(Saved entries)
───

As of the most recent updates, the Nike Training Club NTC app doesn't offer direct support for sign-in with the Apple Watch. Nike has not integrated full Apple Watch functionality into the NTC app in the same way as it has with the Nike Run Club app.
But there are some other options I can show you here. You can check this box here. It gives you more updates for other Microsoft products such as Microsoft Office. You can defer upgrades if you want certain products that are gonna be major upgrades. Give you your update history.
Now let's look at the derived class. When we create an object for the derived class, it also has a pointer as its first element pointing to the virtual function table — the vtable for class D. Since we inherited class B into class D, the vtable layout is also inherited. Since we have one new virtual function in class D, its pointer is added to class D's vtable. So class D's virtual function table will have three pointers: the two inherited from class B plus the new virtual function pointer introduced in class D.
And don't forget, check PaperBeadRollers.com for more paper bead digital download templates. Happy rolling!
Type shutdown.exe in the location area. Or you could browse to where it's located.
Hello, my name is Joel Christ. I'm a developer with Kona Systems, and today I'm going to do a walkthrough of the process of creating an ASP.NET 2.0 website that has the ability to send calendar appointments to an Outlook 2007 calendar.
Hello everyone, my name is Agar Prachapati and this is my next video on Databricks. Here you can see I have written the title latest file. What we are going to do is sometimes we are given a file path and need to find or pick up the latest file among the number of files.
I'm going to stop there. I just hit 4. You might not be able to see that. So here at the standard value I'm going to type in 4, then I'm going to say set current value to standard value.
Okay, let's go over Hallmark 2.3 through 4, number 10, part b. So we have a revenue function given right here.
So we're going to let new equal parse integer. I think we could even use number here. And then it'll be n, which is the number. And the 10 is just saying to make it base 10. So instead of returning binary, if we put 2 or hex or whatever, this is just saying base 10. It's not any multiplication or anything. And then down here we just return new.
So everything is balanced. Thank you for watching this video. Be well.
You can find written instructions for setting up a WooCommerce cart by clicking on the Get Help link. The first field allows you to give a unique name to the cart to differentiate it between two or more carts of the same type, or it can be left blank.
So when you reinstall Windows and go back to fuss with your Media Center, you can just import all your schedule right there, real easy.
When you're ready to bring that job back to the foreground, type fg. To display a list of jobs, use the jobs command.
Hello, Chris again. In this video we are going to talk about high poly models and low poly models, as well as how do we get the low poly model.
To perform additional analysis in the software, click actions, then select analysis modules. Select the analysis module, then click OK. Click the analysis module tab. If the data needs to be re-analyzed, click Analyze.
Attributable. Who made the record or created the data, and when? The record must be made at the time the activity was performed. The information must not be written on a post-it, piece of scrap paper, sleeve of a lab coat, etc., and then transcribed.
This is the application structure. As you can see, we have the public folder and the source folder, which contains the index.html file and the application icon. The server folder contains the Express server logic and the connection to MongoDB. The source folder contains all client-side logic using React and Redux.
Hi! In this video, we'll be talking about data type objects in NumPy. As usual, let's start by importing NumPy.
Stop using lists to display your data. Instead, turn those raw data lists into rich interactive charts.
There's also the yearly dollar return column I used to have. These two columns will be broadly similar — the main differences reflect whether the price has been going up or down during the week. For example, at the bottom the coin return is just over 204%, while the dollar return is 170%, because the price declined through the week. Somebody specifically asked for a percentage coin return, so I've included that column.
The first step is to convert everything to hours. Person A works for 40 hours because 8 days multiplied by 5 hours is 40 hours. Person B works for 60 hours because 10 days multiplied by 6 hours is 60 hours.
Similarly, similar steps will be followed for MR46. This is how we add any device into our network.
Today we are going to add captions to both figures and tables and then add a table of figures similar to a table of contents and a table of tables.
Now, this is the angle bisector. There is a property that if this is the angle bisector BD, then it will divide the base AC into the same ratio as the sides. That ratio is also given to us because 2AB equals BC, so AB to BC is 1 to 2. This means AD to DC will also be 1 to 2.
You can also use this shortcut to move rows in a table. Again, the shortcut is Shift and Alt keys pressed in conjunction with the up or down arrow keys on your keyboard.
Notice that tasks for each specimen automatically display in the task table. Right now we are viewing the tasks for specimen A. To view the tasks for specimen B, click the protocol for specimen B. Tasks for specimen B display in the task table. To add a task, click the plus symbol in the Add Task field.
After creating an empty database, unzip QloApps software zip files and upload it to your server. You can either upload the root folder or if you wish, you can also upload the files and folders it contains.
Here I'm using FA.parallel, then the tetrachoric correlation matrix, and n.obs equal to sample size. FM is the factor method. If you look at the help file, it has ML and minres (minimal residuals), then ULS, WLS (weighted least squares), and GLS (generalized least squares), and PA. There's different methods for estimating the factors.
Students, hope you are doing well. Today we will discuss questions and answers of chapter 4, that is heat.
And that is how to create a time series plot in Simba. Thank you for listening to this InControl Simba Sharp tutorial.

───

(Action item) Return, line for line and unchanged, the data from its first line through the line containing "Okay, let's go".

(Exercise answer)
As of the most recent updates, the Nike Training Club NTC app doesn't offer direct support for sign-in with the Apple Watch. Nike has not integrated full Apple Watch functionality into the NTC app in the same way as it has with the Nike Run Club app.
But there are some other options I can show you here. You can check this box here. It gives you more updates for other Microsoft products such as Microsoft Office. You can defer upgrades if you want certain products that are gonna be major upgrades. Give you your update history.
Now let's look at the derived class. When we create an object for the derived class, it also has a pointer as its first element pointing to the virtual function table — the vtable for class D. Since we inherited class B into class D, the vtable layout is also inherited. Since we have one new virtual function in class D, its pointer is added to class D's vtable. So class D's virtual function table will have three pointers: the two inherited from class B plus the new virtual function pointer introduced in class D.
And don't forget, check PaperBeadRollers.com for more paper bead digital download templates. Happy rolling!
Type shutdown.exe in the location area. Or you could browse to where it's located.
Hello, my name is Joel Christ. I'm a developer with Kona Systems, and today I'm going to do a walkthrough of the process of creating an ASP.NET 2.0 website that has the ability to send calendar appointments to an Outlook 2007 calendar.
Hello everyone, my name is Agar Prachapati and this is my next video on Databricks. Here you can see I have written the title latest file. What we are going to do is sometimes we are given a file path and need to find or pick up the latest file among the number of files.
I'm going to stop there. I just hit 4. You might not be able to see that. So here at the standard value I'm going to type in 4, then I'm going to say set current value to standard value.
Okay, let's go over Hallmark 2.3 through 4, number 10, part b. So we have a revenue function given right here.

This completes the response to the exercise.